Since the first abstractions, painting proceeded from a need to be recognized more for its pictorial thoughts, than for its manual craft. But the result of pictorial thought is the play of the end of painting, or more succinctly, the reduced finality of the monochrome. And yet, the first monochromes did not prove to be the last, nor did a project of radical abstraction come to pass. Rather abstraction found refuge in the guise of popular (consumer) imagery and design, the projection and seriality of obdurate materials, and further, the elimination of objecthood itself. And yet the blind spot behind these reactions only helps to re-connect and re-confirm abstract painting’s initial impulse towards and absolute formal conclusion. But it is within each instance of abandonment that the utopian ideal of abstraction finds and redefines itself anew, again and again.

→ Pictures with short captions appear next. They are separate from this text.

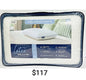 Strauss and Foster Latex Pillow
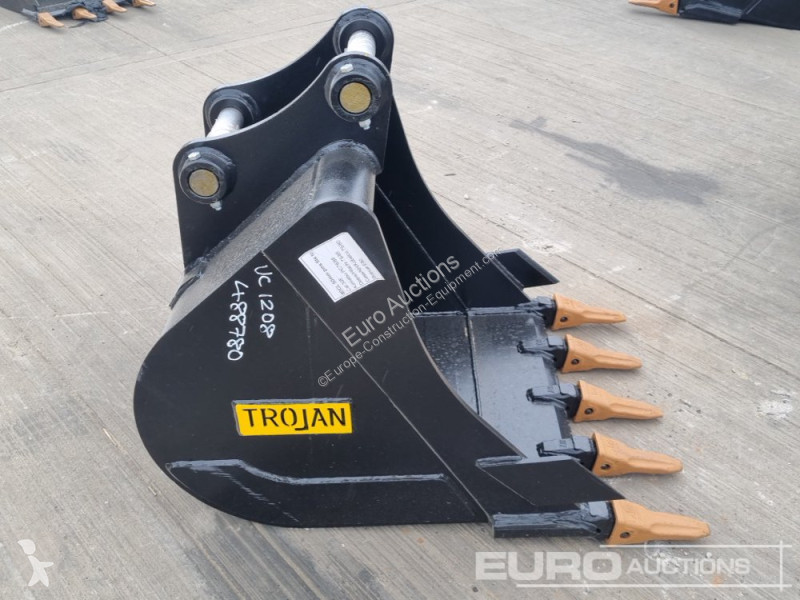 Aanbouwstukken voor bouwmachines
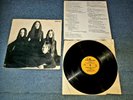 Fanny - Fanny Hill VG UK LP Beatles Related + Lyric Insert Vinyl Record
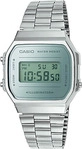 Casio Vintage ICONIC A168WEM-7EF Armbanduhr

Thus, the possibility for painting lies through a re-evaluation and a re-thinking of abstraction, or by an abandonment of what we have learned and confirmed abstraction to be. At present painting can no longer promise a universality through formal conventions alone when the very same promise has succumbed into the boundless aping of the motions. Today, the act of abandonment must be deployed as a conceptual model and not lust a formal one. Out of this, the artist is left with two choices: you can be a painter and paint, and it doesn’t matter; or you can pursue the radical possibilities of abstraction to make painting matter again.